Apache Software Foundation
As disclosed by the Apache Tomcat team, CVE-2023-28708, a vulnerability in which using the RemoteIpFilter
class, with requests received from a reverse proxy via HTTP that include the X-Forwarded-Proto header set to HTTPS, session cookies created by Tomcat did not include the secure
attribute. This vulnerability could result in an attacker transmitting a session cookie over an insecure channel. Tomcat versions affected by this vulnerability include: 11.0.0-M1 to 11.0.0-M2; 10.1.0-M1 to 10.1.5; 9.0.0-M1 to 9.0.71; and 8.5.0 to 8.5.85.

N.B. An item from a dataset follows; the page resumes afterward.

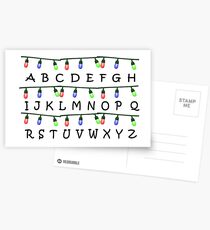 Stranger Things Christmas Lights Alphabet Postcards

The first milestone release of Camel Quarkus 3.0.0, containing Quarkus 3.0.0.Alpha5 and Camel 4.0.0-M2, is the first Camel Quarkus release featuring a baseline of JDK 17 and Jakarta EE 10. Other notable changes include: deprecation of the ReflectiveClassBuildItem
class; a fix for the exception thrown using the PerfRegressionIT
class while testing with Camel 4 and Quarkus 3; and a split of Infinispan testing into separate modules for the Quarkus- and Camel-managed clients. More details on this release may be found in the release notes.
JBang
Versions 0.105.1 and 0.105.2 of JBang deliver notable changes such as: an improved jbang edit
command in which it assumes one of the supported JBang IDE plugins is installed; continued improvements using modulepath over classpath; The jbang export jlink
command is now an option that allows developers to export a JBang application or script with an embedded Java runtime; and a fix for the Apple Silicon VSCodium download.
Failsafe
Failsafe, a lightweight, zero-dependency library for handling failures in Java 8+, has released version 3.3.1 featuring API changes such as: the addition of full Java module descriptors to the Failsafe JARs; and the release of execution references inside instances of the CompletableFuture
class provided by Failsafe. Further details on this release may be found in the changelog.
Maven
Maven 3.9.1 has been released with improvements such as: an improved “missing dependency” error message; performance enhancement by replacing any non regular expression patterns in the replaceAll()
method with the replace()
method or use precompiled patterns; and deprecate the Mojo plugin parameter expression, ${localRepository}
, because an instance of the ArtifactFactory
interface injected by ${localRepository}
is not compatible with the Maven Resolver interface, LocalRepositoryManager
, due lack of context.
Gradle
The first release candidate of Gradle 8.1 delivers: continued improvements in the configuration cache, now considered stable; continued improvements in the Kotlin DSL, an alternative to the Groovy DSL, that includes an experimental simple property assignment in Kotlin DSL scripts; and support for JDK 20. More details on this release may be found in the release notes.